* [PROBLEM STATEMENT]: Nothing but the lines from the one containing "free vector Old town trolley tours" through the last line of the entries should appear in the output, each verbatim.

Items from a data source

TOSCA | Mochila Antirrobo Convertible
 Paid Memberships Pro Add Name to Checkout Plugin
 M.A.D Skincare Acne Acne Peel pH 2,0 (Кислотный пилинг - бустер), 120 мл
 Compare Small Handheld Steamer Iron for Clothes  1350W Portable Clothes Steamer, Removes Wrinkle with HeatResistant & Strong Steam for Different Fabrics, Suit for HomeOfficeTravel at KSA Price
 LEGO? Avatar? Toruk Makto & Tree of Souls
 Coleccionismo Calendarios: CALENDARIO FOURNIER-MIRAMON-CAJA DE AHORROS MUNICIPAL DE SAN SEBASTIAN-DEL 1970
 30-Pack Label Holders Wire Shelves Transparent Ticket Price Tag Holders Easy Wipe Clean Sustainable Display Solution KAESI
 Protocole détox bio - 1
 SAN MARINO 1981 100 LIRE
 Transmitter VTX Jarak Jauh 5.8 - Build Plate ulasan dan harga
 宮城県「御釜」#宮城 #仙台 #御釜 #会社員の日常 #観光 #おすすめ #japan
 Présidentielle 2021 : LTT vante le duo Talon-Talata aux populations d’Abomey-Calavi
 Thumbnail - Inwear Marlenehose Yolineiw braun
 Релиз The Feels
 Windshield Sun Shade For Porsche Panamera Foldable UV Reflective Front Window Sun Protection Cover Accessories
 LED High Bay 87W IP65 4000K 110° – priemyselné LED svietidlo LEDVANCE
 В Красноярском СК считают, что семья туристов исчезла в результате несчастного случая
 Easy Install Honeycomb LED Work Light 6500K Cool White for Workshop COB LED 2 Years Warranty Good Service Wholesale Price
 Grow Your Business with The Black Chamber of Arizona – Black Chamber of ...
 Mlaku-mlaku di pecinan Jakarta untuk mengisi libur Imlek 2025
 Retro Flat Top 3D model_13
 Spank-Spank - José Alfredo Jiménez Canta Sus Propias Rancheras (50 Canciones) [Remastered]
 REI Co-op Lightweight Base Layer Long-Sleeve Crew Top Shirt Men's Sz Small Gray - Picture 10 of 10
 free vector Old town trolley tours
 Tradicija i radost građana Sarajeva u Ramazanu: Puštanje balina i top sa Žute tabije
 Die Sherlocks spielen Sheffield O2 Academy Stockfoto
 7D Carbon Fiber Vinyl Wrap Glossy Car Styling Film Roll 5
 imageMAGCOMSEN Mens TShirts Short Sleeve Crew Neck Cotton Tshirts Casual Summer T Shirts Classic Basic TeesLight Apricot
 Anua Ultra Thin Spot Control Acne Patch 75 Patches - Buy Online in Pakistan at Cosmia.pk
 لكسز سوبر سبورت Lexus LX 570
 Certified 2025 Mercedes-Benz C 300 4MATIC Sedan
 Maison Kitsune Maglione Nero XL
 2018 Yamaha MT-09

* [EXERCISE ANSWER]:
 free vector Old town trolley tours
 Tradicija i radost građana Sarajeva u Ramazanu: Puštanje balina i top sa Žute tabije
 Die Sherlocks spielen Sheffield O2 Academy Stockfoto
 7D Carbon Fiber Vinyl Wrap Glossy Car Styling Film Roll 5
 imageMAGCOMSEN Mens TShirts Short Sleeve Crew Neck Cotton Tshirts Casual Summer T Shirts Classic Basic TeesLight Apricot
 Anua Ultra Thin Spot Control Acne Patch 75 Patches - Buy Online in Pakistan at Cosmia.pk
 لكسز سوبر سبورت Lexus LX 570
 Certified 2025 Mercedes-Benz C 300 4MATIC Sedan
 Maison Kitsune Maglione Nero XL
 2018 Yamaha MT-09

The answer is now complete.